Conan O'Brien rebuffs Leno move, throws NBC late night into chaos
'Tonight Show' host Conan O'Brien said Tuesday he would not move his show back 30 minutes to accommodate 'The Jay Leno Show' at 11:35 p.m., putting NBC on the spot.
By Gloria Goodale Staff writer, Daniel B. Wood Staff writer
January 12, 2010
Late-night talk-show host Conan O’Brien essentially told NBC Tuesday: Heck no, I won’t go.
Mr. O'Brien's refusal to move his "Tonight Show" to 12:05 p.m. to accommodate Jay Leno's faltering show in the 11:35 p.m. slot is just the latest salvo in what is turning out to be a titanic struggle for NBC.
It is about what to do about plummeting ratings for “The Jay Leno Show” at 10 p.m. It is a bid to help NBC’s many affiliates, whose 11 p.m. newscasts have been losing advertising dollars because of Mr. Leno's dreadful ratings. And, increasingly, it seems to be about the future of late-night television itself.
When 'The Tonight Show' isn't 'The Tonight Show'
In a 552-word statement that opens, “People of Earth,” O’Brien wrote:
“For 60 years the Tonight Show has aired immediately following the late local news. I sincerely believe that delaying the Tonight Show into the next day to accommodate another comedy program will seriously damage what I consider to be the greatest franchise in the history of broadcasting."
Many industry analysts have suggested that time slot is no longer important in the DVR era, but O'Brien said moving “The Tonight Show” to the next day is tantamount to redefining the entire late-night real estate.
Speculation has swirled that Fox has been wooing O’Brien, but executives at Fox denied any such overtures on Monday, and O’Brien himself indicated that he has no plans in the works. NBC declined to comment on O’Brien’s statement or any ongoing negotiations.
Conan O'Brien O'Saurus?
While NBC and its roster of late-night hosts squirm, media analysts are watching the situation to see what impact it might have on television.
To some, the answer is: not much. The viewing preferences of young Americans have already shifted, leaving both Leno and O'Brien behind, says Arthur Gallego, an image and branding consultant at Gallego & Co. Brand Communications.
“Late night talk shows cater to a very fragmented audience, with the younger viewers tuning in later, or opting for shows like 'The Daily Show,' or 'The Colbert Report,' " says Mr. Gallego. “Neither Leno nor O'Brien can match the relevance or wit of either of those programs, and they know it."
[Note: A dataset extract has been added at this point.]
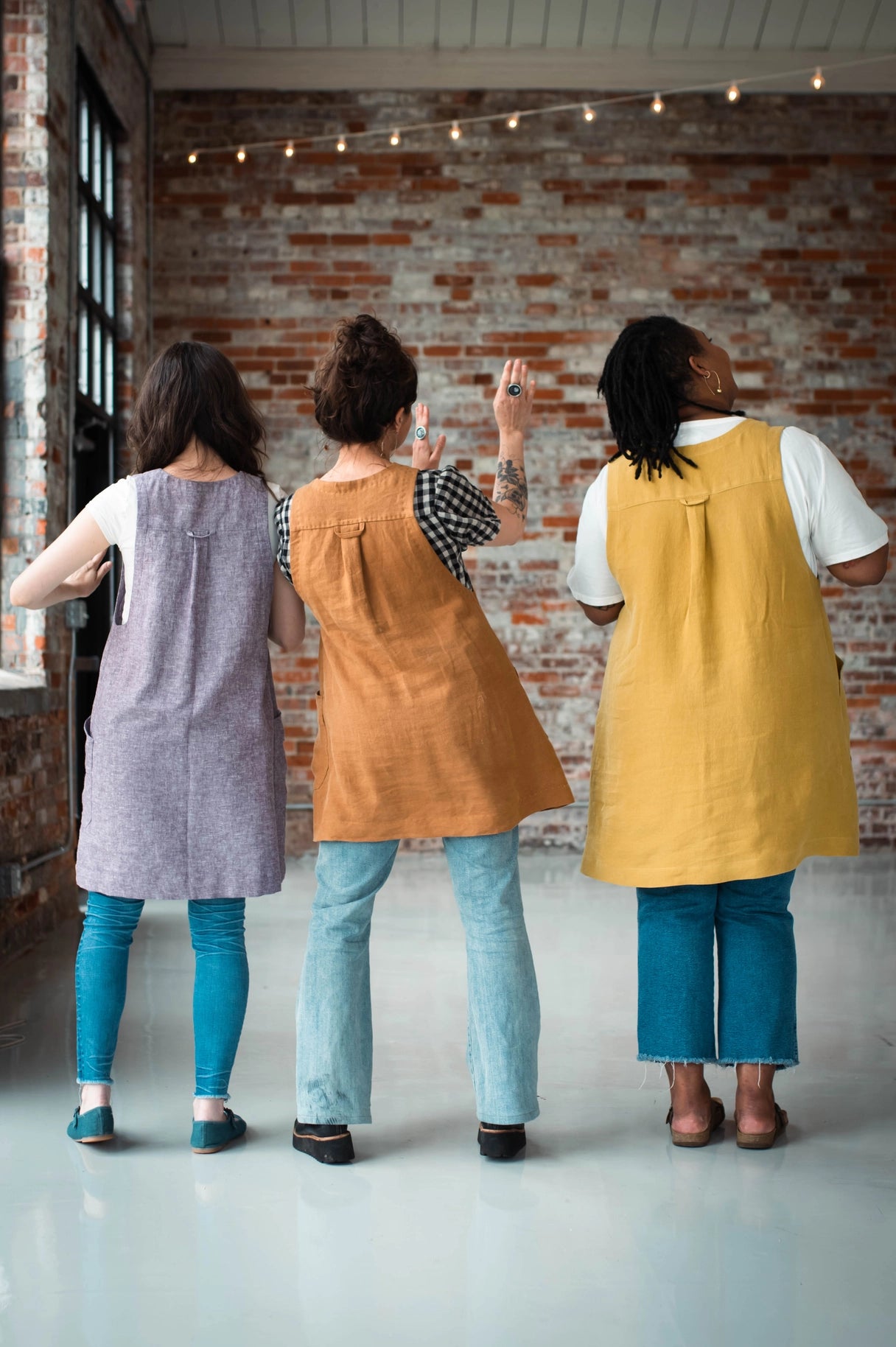 Sew Liberated, Studio Tunic Paper Pattern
"That's what makes this shake-up so high profile," he says. "Leno and Conan were already pop culture dinosaurs, and this only reinforced that.”
Paul Levinson, author of “New New Media," adds: “Conan O’Brien may be taking a noble stand but it’s on a sinking ship."
Drama from a lack of dramas
Yet other commentators suggest that NBCs late-night crisis has emerged precisely because many viewers still do have traditional expectations about their TV schedules, even in the DVR era. Viewers are “still creatures of habit” and expect more substantial content than Leno delivered at 10 o’clock, says DePauw University’s Jeff McCall.
“They like watching late night comedians late at night and not earlier in the evening when they have been programmed for 60 years to see scripted dramas," says Professor McCall. "NBC should have known that breaking this sort of mold was highly risky."
Moreover, neither O’Brien nor Leno performed up to snuff in their new slots for the past six months, says Robert Thompson, a media expert at Syracuse University. But he suggests that the troubles of late-night talk-show hosts are not insignificant.
“These comedians are our cultural commentators, and so they matter in the same way that news anchors do,” says Thompson, adding: “they set a tone for our civic dialogue.”